This article will show how to implement an alternative to the built-in RTTI mechanism with just standard C++. The presented implementation has not the pretense to be a complete replacement for the C++ RTTI system. Rather it should improve certain issues which can appear when using RTTI. For instance, there are problems when using RTTI across shared boundaries. Furthermore the alternative should be more performant, in terms of execution speed, than the standard RTTI.

The first part will show how to implement the typeid operator and a type_info class. In the second part an alternative to the dynamic_cast operator will be presented. Unnecessary implementation details are left out, only the general concept and the important parts are shown in detail.

RTTI

RTTI stands for Run-Time Type Information. It is used to retrieve information about an object at runtime (as opposed to compile time). In non-polymorphic languages there is no need for this information, because the type is always known at compile time and so in runtime. In a polymorphic language like C++, there are situations where the concrete type is not known at compile time.
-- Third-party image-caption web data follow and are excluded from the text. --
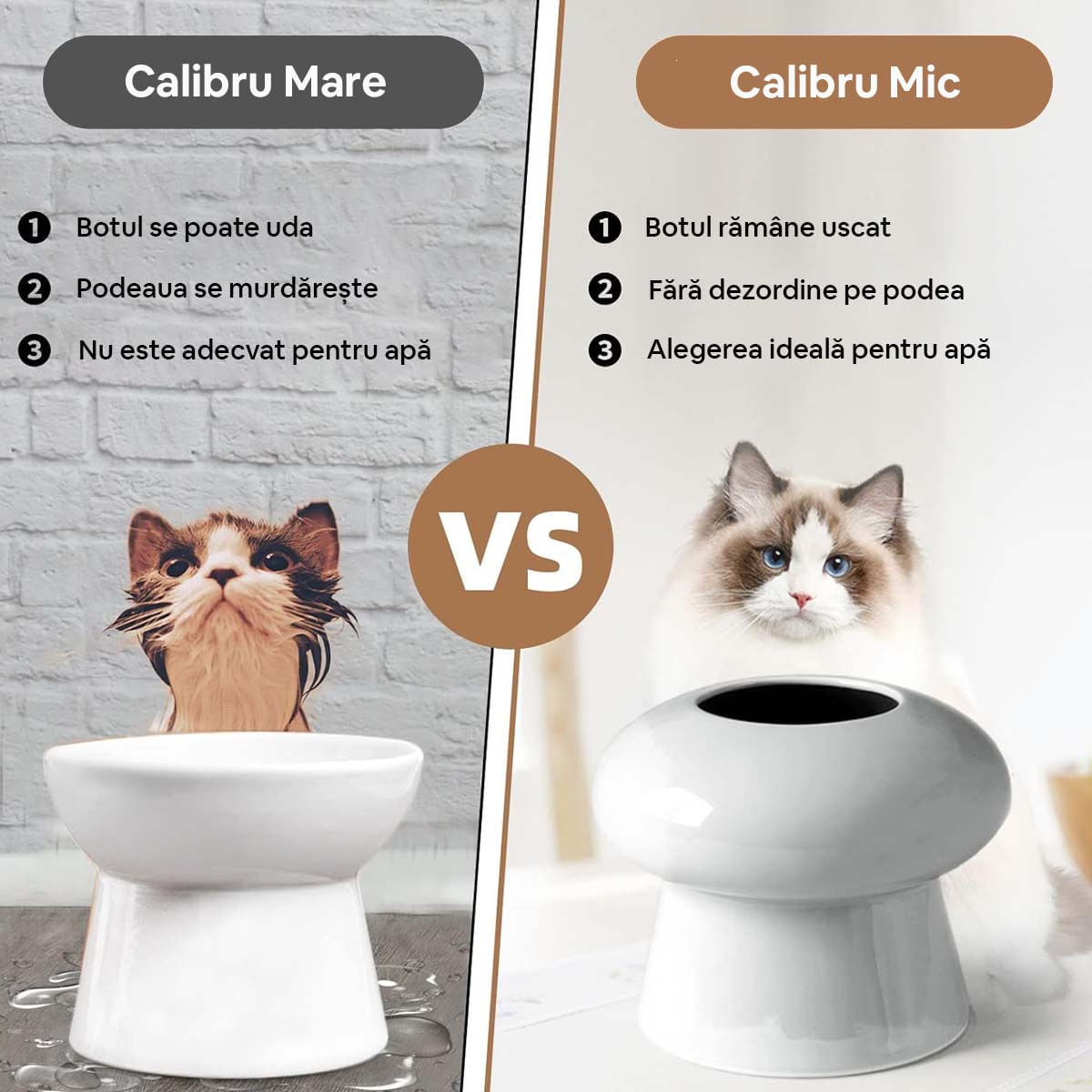 CINF Bol din Ceramică, Înalțat pentru Apă, Pisici, 380ml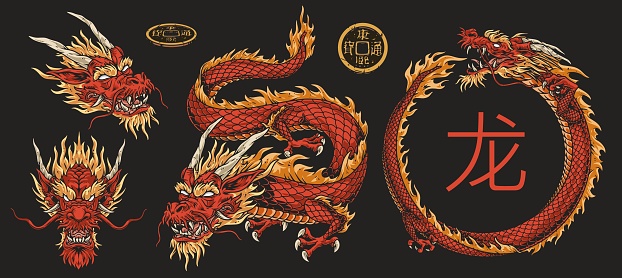 Red dragon colorful set emblems with Chinese mascot in different positions near hieroglyphics and ancient coins vector illustration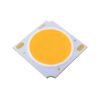 COB Chip 20W High power (Big)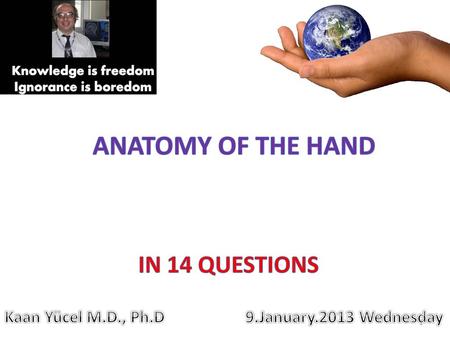 Anatomy of the hand IN 14 QUESTIONS Kaan Yücel M.D., Ph.D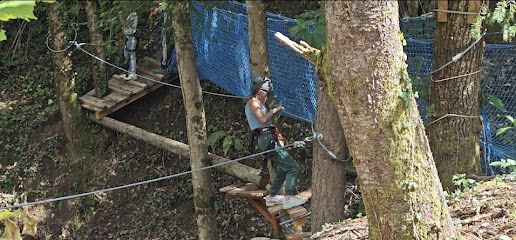 Activité : La Liane De Rose Parc aventure Espalion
A pointer can point to an object of a base class type or to an object of any class type derived from the base class Therefore RTTI helps to determine the concrete type at runtime.

Normally RTTI is an optional compiler setting, which is usually enabled. When enabled, RTTI is automatically generated for both built-in and non-polymorphic user-defined types. It is then not possible to disable/enable RTTI just for certain types selectively. In C++ the RTTI mechanism consists of:

typeid and type_info

The typeid operator will be used to determine the dynamic type of an object at runtime. Therefore the typeid operator returns a constant reference to a type_info object. The programmer can then compare this object with other ones or retrieve the name.

When the typeid operator should work with polymorphic types, at least one virtual function has to be declared in the class. The reason for that is, the pointer to the type_info object is stored in the virtual table of the class. So RTTI will not increase the data per object, it will increase the data per class. It is not specified in the standard how big this metadata is.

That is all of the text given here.